Sainz accepte la pénalité « juste » après son accrochage avec Albon au Grand Prix des Pays-Bas
Carlos Sainz a accepté une pénalité de 10 secondes après un blocage au freinage au virage 1 et une collision avec son coéquipier Williams Alex Albon en fin de course à Zandvoort, compromettant les espoirs de points des deux pilotes.
Carlos Sainz a accepté une pénalité de 10 secondes comme juste après un blocage au freinage au virage 1 et une collision avec son coéquipier Williams Alex Albon lors des derniers tours du Grand Prix des Pays-Bas à Zandvoort, anéantissant les minces espoirs de points des deux pilotes.
Avec quatre tours restants, Sainz s’est positionné pour défendre la trajectoire intérieure alors qu’Albon tentait de le dépasser par l’extérieur. Une bosse à l’apex a surpris Sainz en plein freinage, provoquant un blocage du pneu avant qui a envoyé la voiture tout droit dans le flanc d’Albon. Le contact a endommagé le plancher de la FW47 d’Albon, le forçant à s’arrêter aux stands, tandis que Sainz recevait la pénalité de temps.
« C’était une pénalité juste, » a déclaré Sainz. « J’avais des pneus durs vraiment usés, je luttais beaucoup avec la voiture, avec le rythme de la course. Et quand j’ai freiné à l’intérieur, il y avait une énorme bosse à l’intérieur du virage 1. Plus on est à l’intérieur, plus elle est importante. Dès que j’ai touché les freins, j’ai bloqué et j’ai entraîné Alex avec moi, ce qui est le pire résultat possible pour cette course, car ce n’est pas comme si nous nous battions pour quelque chose de grand.
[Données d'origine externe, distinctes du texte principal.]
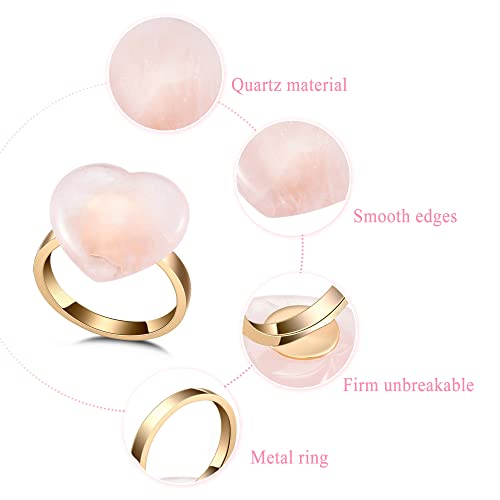 Rose Quartz Napkin Rings, 4 Pack Natural Stone Napkin Ring Holder, Heart Shape Table Setting Decor Dinner Tables Rings For Christmas Party Wedding Valentines Thanksgiving #TOP5
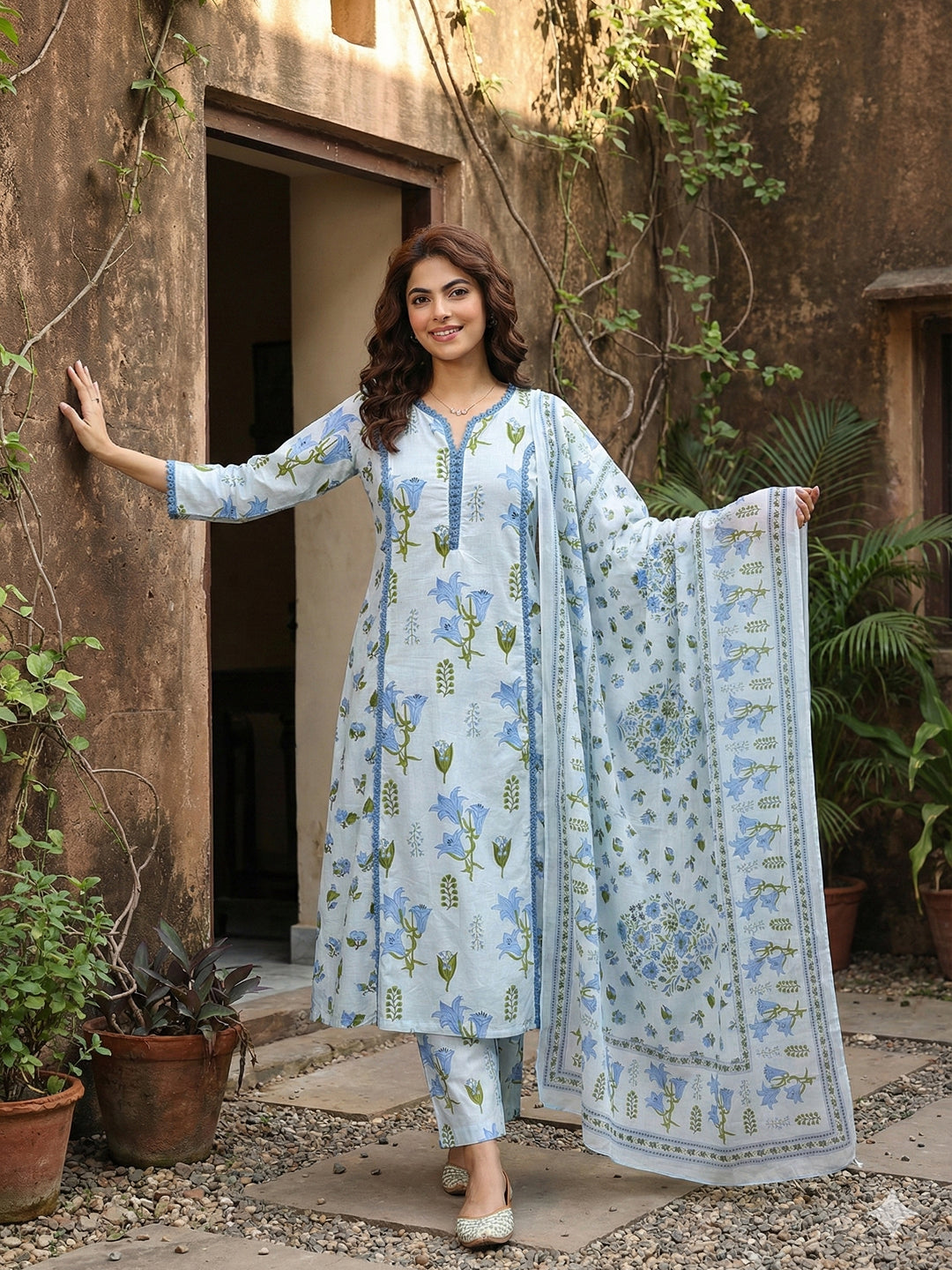 Jaitpuriya Sky Blue And White Pure Cotton A-line Pleated Kurta Set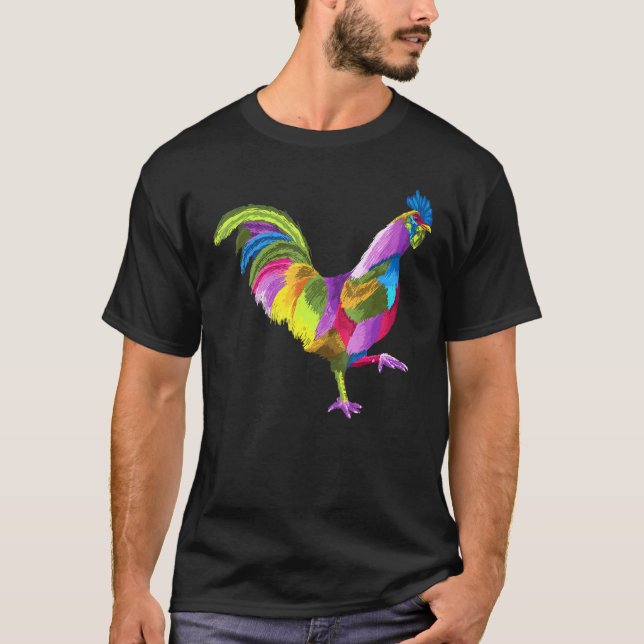 Farbenfrohe Roosterkunst für Rooster Farm oder Vog T-Shirt (Vorderseite)
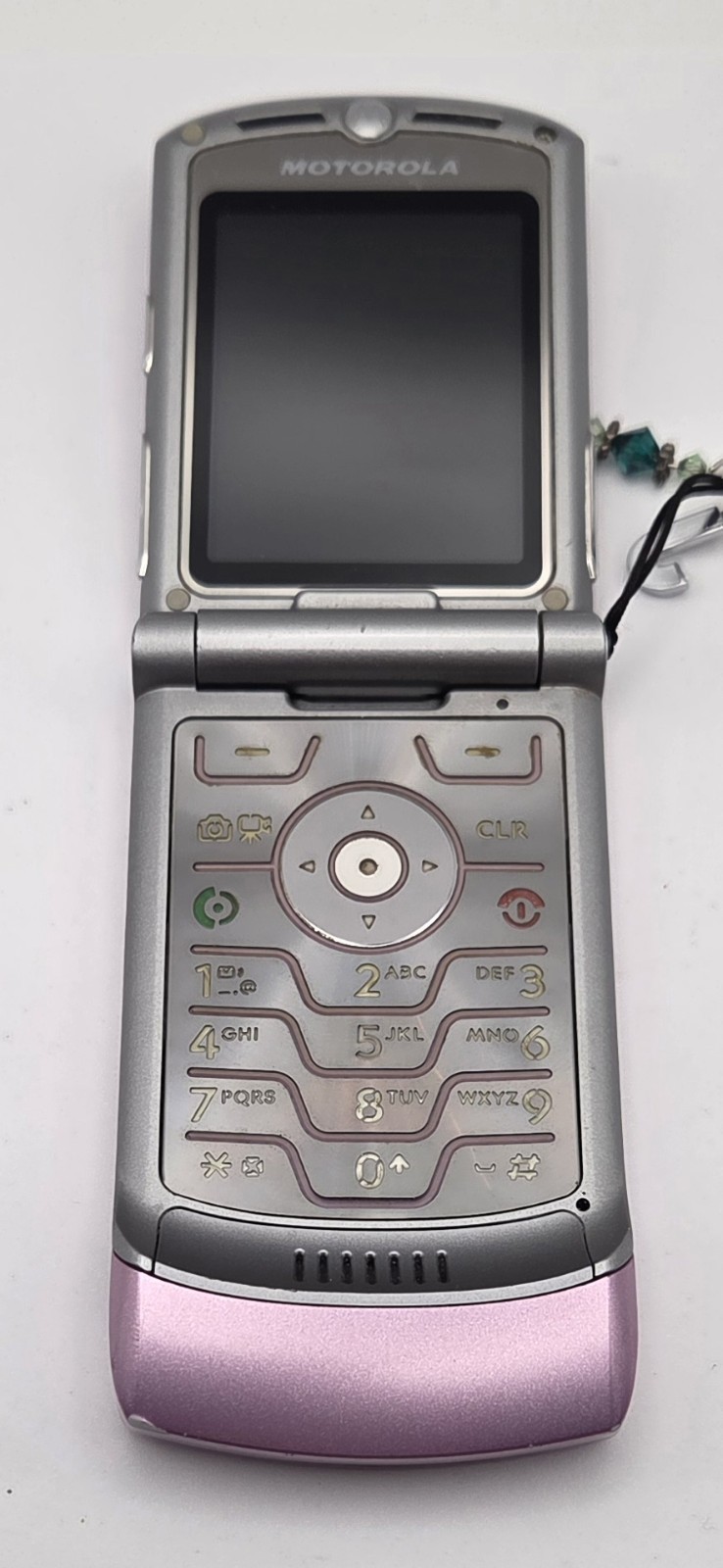 Motorola RAZR V3m Pink with Silver Vintage Rare Flip Phone Tested Works Megapix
Mes excuses à lui, car c’est la dernière chose que je voulais. »
Albon a réagi avec mesure, notant que l’incident était clairement involontaire. « Ce n’est pas du Verstappen et Ricciardo — c’est moins grave que ça, » a-t-il dit, en référence à la collision entre les deux anciens pilotes Red Bull au Grand Prix d’Azerbaïdjan 2018. « C’était simplement de sa faute. Je l’ai vu bloquer, donc j’ai immédiatement essayé de le suivre en ligne droite. Mais nous avons eu un contact, et mon plancher était pas mal endommagé, donc nous avons dû nous arrêter. »
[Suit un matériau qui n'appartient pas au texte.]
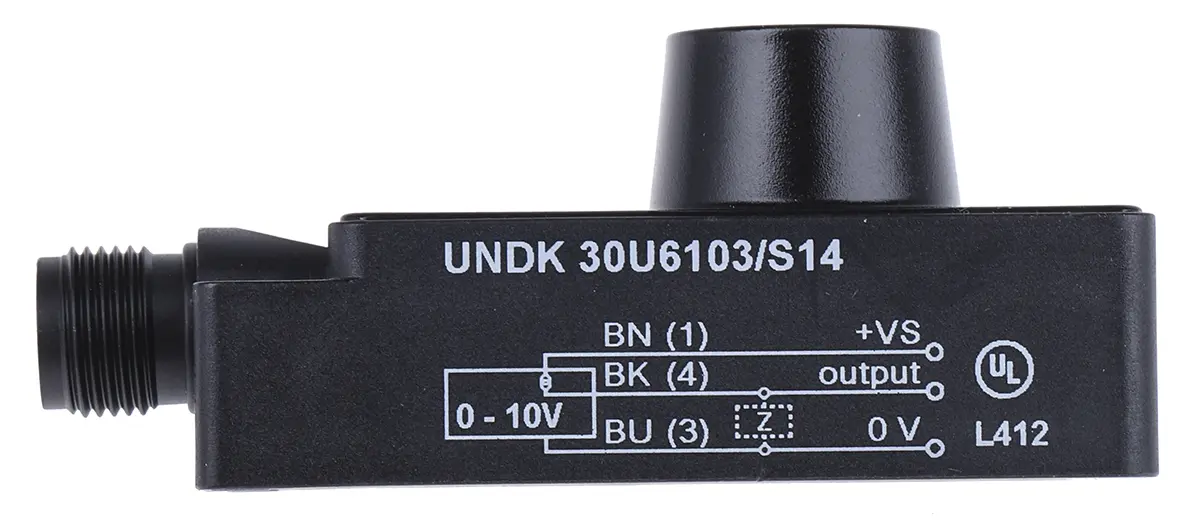 Produktfoto 1 von Baumer Näherungssensor Ultraschall, Kubisch 1 m 0-10 V 15 → 30 V dc / 20 mA, IP67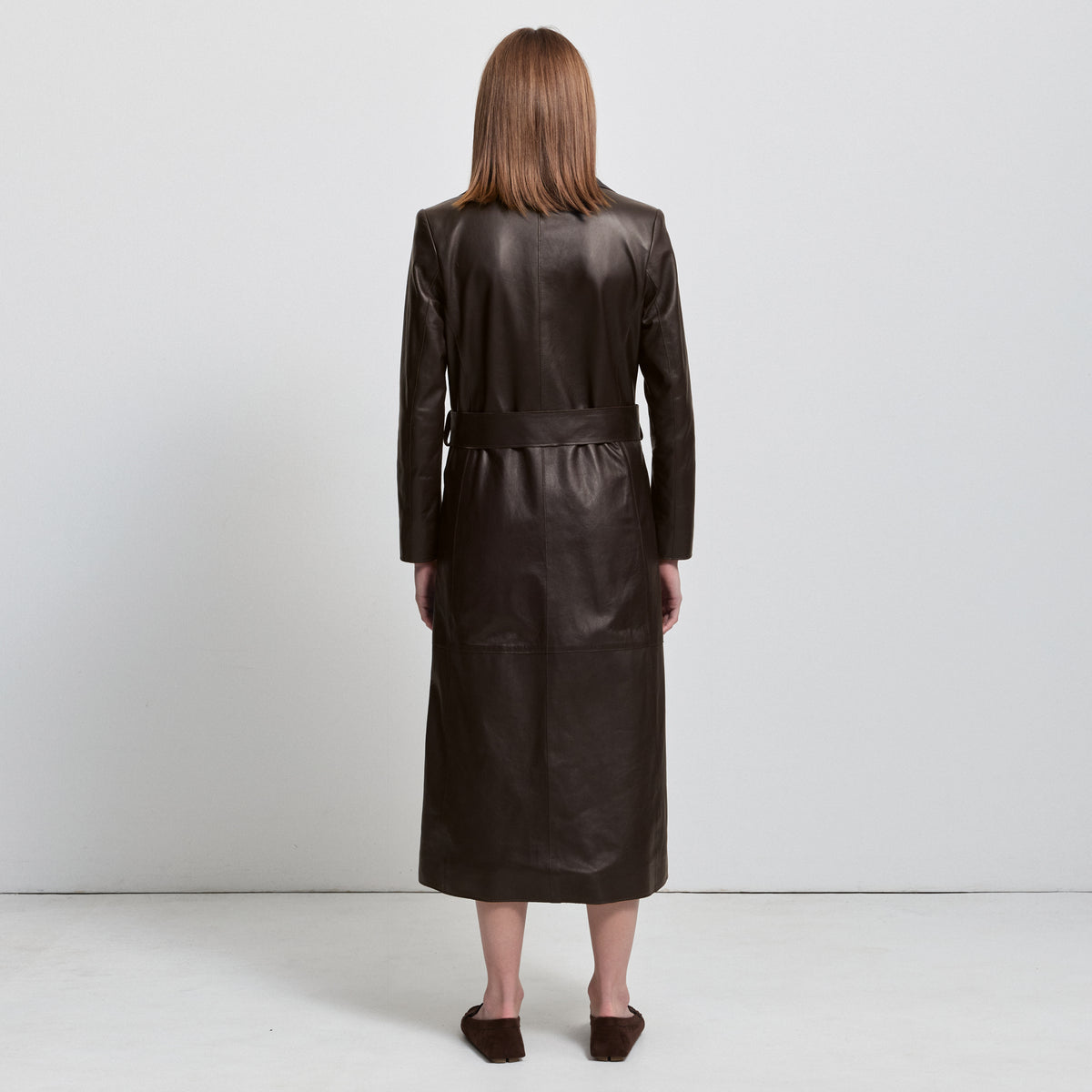 Harper Trench Coat - Espresso Leather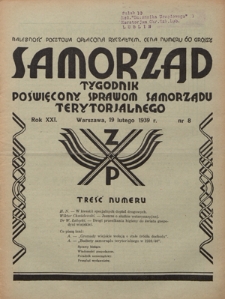 Samorząd : tygodnik poświęcony sprawom samorządu terytorialnego. R. 21, nr 9 (26 lutego 1939)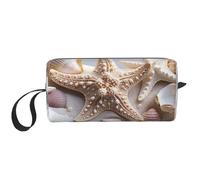 Pearls Seashell Theme Printed Travel Makeup Bag Portable Cosmetic Bag Makeup Case Toiletry Handbag Organiser for Women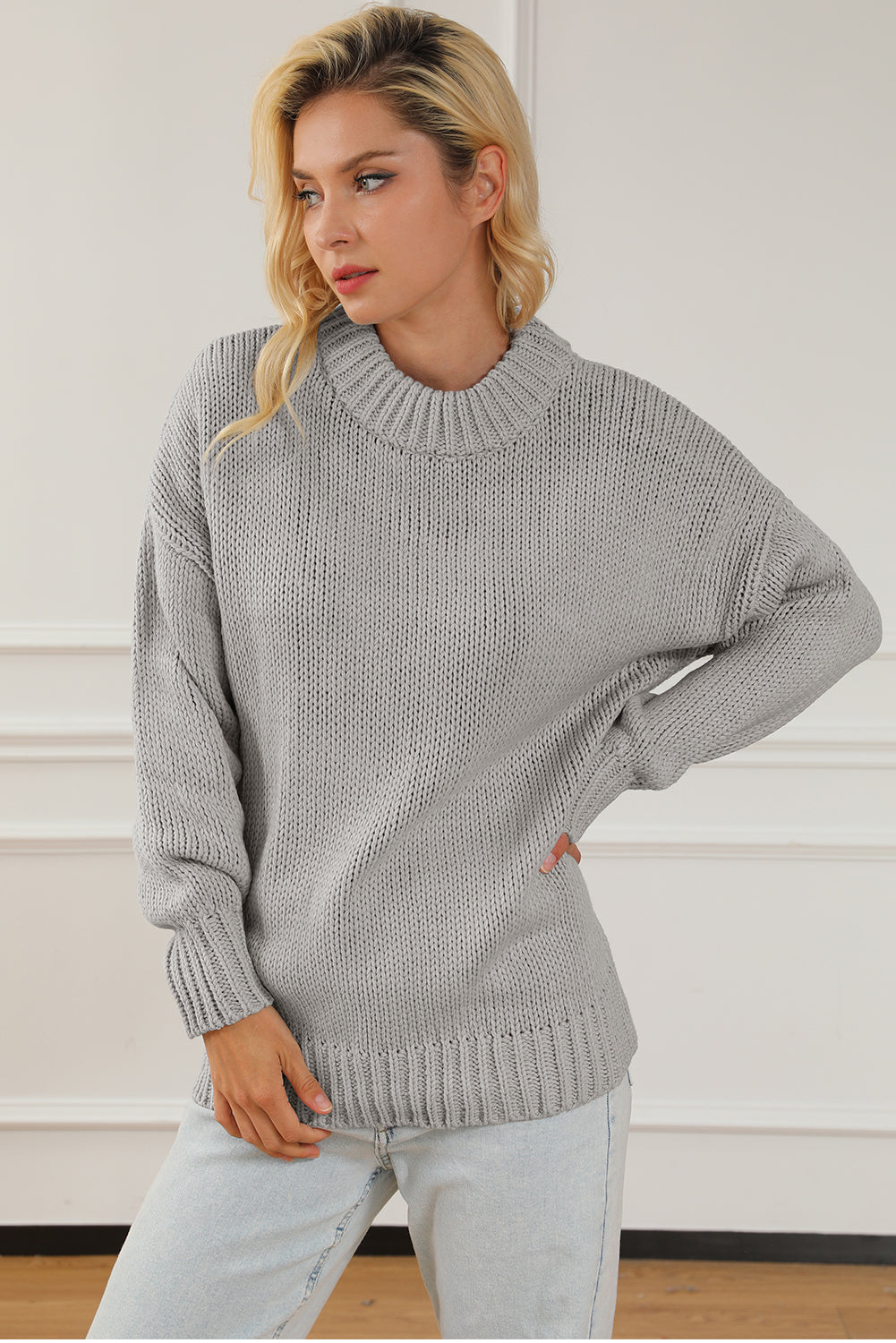 Chunky Knit Turtle Neck Drop Shoulder Sweater | Light Grey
Au moment du choc, les deux pilotes Williams roulaient 15e et 16e, devant seulement Sergio Perez de Cadillac, ce qui a atténué le coup sportif immédiat. Néanmoins, Albon était visiblement frustré par ce qu’il considérait comme une occasion manquée pour Williams de mettre fin à une longue disette de points. L’équipe n’a pas marqué depuis le Grand Prix de Monaco début juin — un écart de plus de deux mois.
« La plus grande frustration, c’est la course elle-même, car je pense que nous avions une bonne course, » a déclaré Albon. « Nous étions devant Fernando pendant la majeure partie de cette course. Peut-être pas avec ce rythme, mais je pense que nous nous sommes arrêtés trop tôt. Nous sommes ressortis derrière un groupe de sept ou huit voitures. Je dois comprendre pourquoi nous nous sommes arrêtés si tôt, car nous avions vraiment une chance de marquer des points aujourd’hui. »
La référence à Fernando Alonso était explicite: le pilote Aston Martin a fait fonctionner une stratégie à un seul arrêt pour remporter une neuvième place inattendue, soulignant l’opportunité que Williams sentait avoir laissée échapper avant même que la collision entre coéquipiers ne se produise.